July 13, 2004
JUST A LIFESTYLE CHOICE:
Young gays drive HIV rise in U.S.: A younger, less risk-aware population of gay men is responsible for an acceleration in the rate of HIV infection in the United States, medical experts and researchers said in Thailand. (FRED TASKER, 7/12/04, Miami Herald)
A new generation of U.S. gay and bisexual men is engendering a sharp increase in the number of newly diagnosed HIV cases, as the very drugs that keep alive those who are infected have encouraged risky sexual behavior, researchers said Monday. [...]Some of the causes of risky behavior -- some documented as increasing HIV infections, some not -- were presented at sessions in Bangkok and in pre-conference interviews:
• Barebacking: Unprotected anal sex is widely understood to be far more dangerous than, say, oral sex, Parsons said.
The practice has complex roots, he said: ``Sexual compulsion is one. Loneliness. A desire for intimacy. There's a sense that by not having a piece of latex between you and your partner makes it more intimate.''
Some seek safety by having sex with other men of the same HIV status. But they don't always do so rationally.

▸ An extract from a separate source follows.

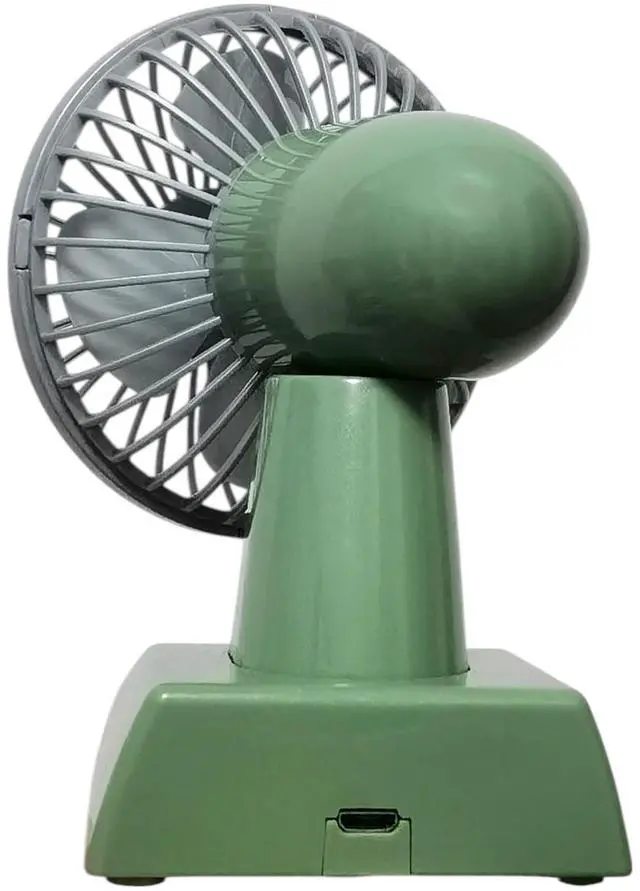 Alt view image 3 of 7 - Sourcingbay Retro 4 Inch Desk Fan  USB & Battery Powered Mini Oscillating Cooling Fan with 2 Speeds, Portable for Home Office Dorm Pets, Vintage Green Gift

'An HIV-negative man thinks, `If he didn't bring a condom, he must be [HIV] negative; I assume he wouldn't put me at risk,' '' Parsons said. 'A positive man thinks, `If he didn't bring a condom, he must be positive too.' It doesn't always work.''
• Multiple partners: A 2003 University of Miami School of Medicine survey of 262 gay and bisexual Hispanic men in South Beach and Miami nightclubs indicated that the average gay or bisexual man had had sex with 6.4 partners in the previous year. The range: Zero to 203 partners.
Is such a high number credible? ''Oh, yes, absolutely,'' said Isabel Fernandez, a University of Miami researcher and the study's lead author, who presented her findings in Bangkok. ``Of those who had sex, 35 percent had one partner, 35 percent had two or three and 30 percent had more.''
• Drug use: A study of 85 black American and 57 Cuban-American youths ages 13 to 19 detained on drug charges at two Miami-Dade juvenile detention facilities showed the average black youth had had unprotected sex 24 times in the previous six months; the average Cuban-American youth, 44 times. The study involved homosexuals and heterosexuals of both sexes.

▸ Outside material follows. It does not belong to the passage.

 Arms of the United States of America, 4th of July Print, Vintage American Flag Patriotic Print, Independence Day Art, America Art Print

''That's a huge exposure to risk,'' said Jessy Devieux, the study's lead author and a researcher at Florida International University.
Nationally, blacks accounted for more than half -- 55 percent -- of the new HIV cases diagnosed in the United States between 1999 and 2002, according to the CDC's 29-state survey. (Florida was one of the 29 states surveyed.) The number of new HIV cases diagnosed among Hispanics increased 26 percent during this period.
• Sex chat rooms: ''The virtual bathhouse'' is the term researchers use for Internet chat rooms that help gay and bisexual men find partners for sex. Studies have indicated that the resulting anonymity has increased HIV transmission, a California researcher says.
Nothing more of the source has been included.